Closed chengjunlu closed 7 months ago

chengjunlu commented 7 months ago

There is a case in tt_dot uses the broadcast to make a matrix from a vector. The IR is like this:

#mma = #triton_intel_gpu.dpas<{repeatCount = 8, systolicDepth = 8, executionSize = 16, opsPerChan = 2, threadsPerWarp = 32, warpsPerCTA = [2, 2], A = [8, 16], B = [16, 16], C = [8, 16]}>
%36 = tt.broadcast %35 : tensor<64x1xf32, #mma> -> tensor<64x64xf32, #mma> loc(#loc19)

There is no issue when the threadsPerWarp=16. We can simply replica the name in the SIMT with the corresponding coordinate to broadcast it naturally. But when comes with the threadsPerWarp=32, the single name in SIMT represent the 2 rows. It is not travail to use the same name in SIMT. (Maybe we need to use the sub-group-shuffle to move the value to the upper lanes.)

Need to fix that if we want to use the threadsPerWarp=32 on PVC for DPAS.

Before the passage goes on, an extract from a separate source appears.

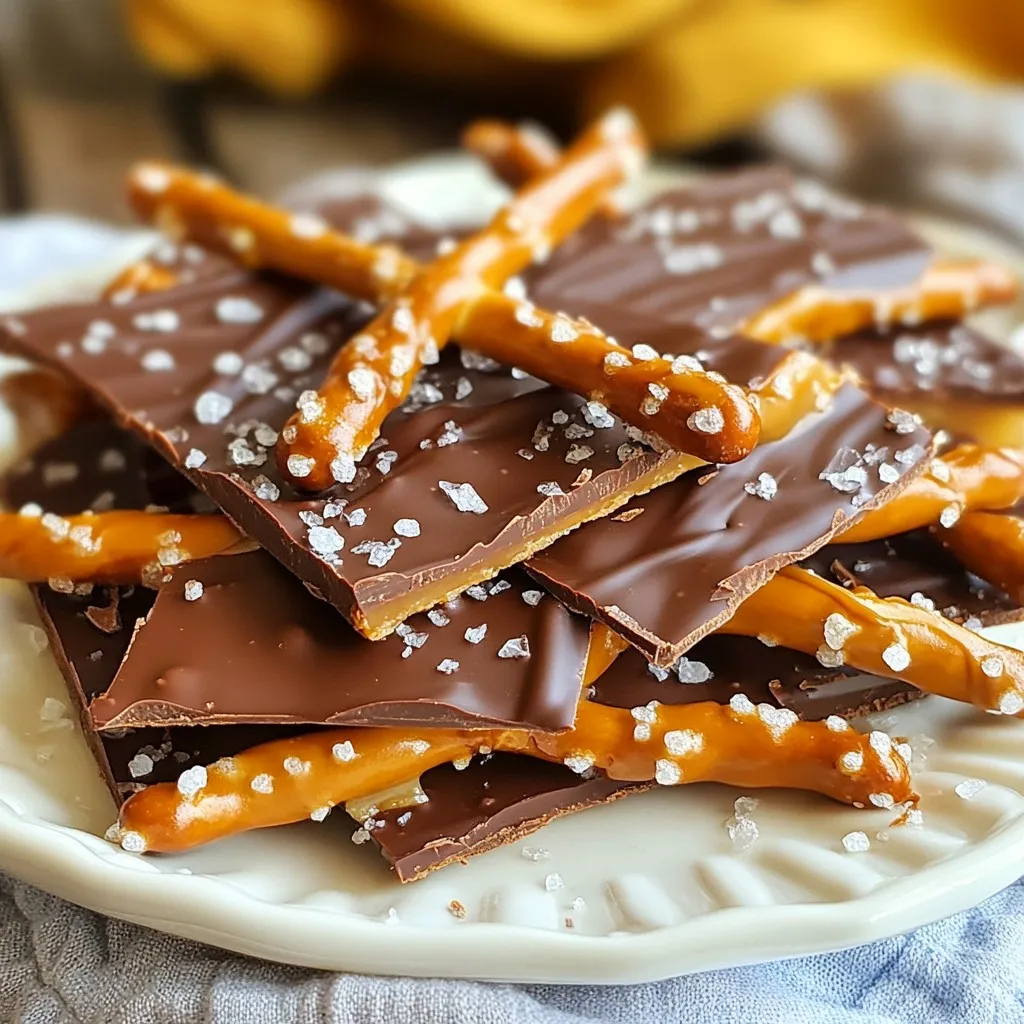 Salted Caramel Pretzel Bark Deliciously Irresistible Treat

chengjunlu commented 7 months ago

The root cause seems in the function getUniqueContigPerThread. When the threadsPerWarp = 32, the DPAS layout is not contiguous on the column dimension. It is strided by 2 because one name represent two rows now.

There is same potential issue for the TF32 operand A layout when the threadsPerWarp=16. Need to fix it. A operand for TF32 with the threadsPerWarp=16: image The rows with the same color is represent by the same name in SIMT for 8x8 A matrix. Then each value is strided by 2 for column dimension.

The callstack of the convert layout op lowering for the DPAS layout:

mlir::triton::gpu::intel::DpasEncodingAttr::getSizePerThread Dialect.cpp:111
mlir::triton::gpu::detail::DistributedEncodingTraitInterfaceTraits::Model<mlir::triton::gpu::intel::DpasEncodingAttr>::getSizePerThread TritonGPUAttrInterfaces.h.inc:276
mlir::triton::gpu::DistributedEncodingTrait::getSizePerThread TritonGPUAttrInterfaces.cpp.inc:35
mlir::triton::gpu::getSizePerThread Dialect.cpp:156
mlir::triton::gpu::getContigPerThread Dialect.cpp:186
mlir::triton::gpu::getUniqueContigPerThread Dialect.cpp:206
mlir::triton::gpu::getUniqueContigPerThread Dialect.cpp:198
mlir::triton::getScratchConfigForCvtLayout Allocation.cpp:122
ConvertLayoutOpConversion::lowerDistributedToDistributed ConvertLayoutOpToLLVM.cpp:538
ConvertLayoutOpConversion::matchAndRewrite ConvertLayoutOpToLLVM.cpp:169
mlir::ConvertOpToLLVMPattern::matchAndRewrite Pattern.h:161

We can see the getContigPerThread calls the getSizePerThread for the contiguous information of the layout mapping. In the case threads_per_warp=16, it is true that the layout is contiguous on the column just as return {elemsPerThread, 1}. But it is not true when threads_per_warp=32.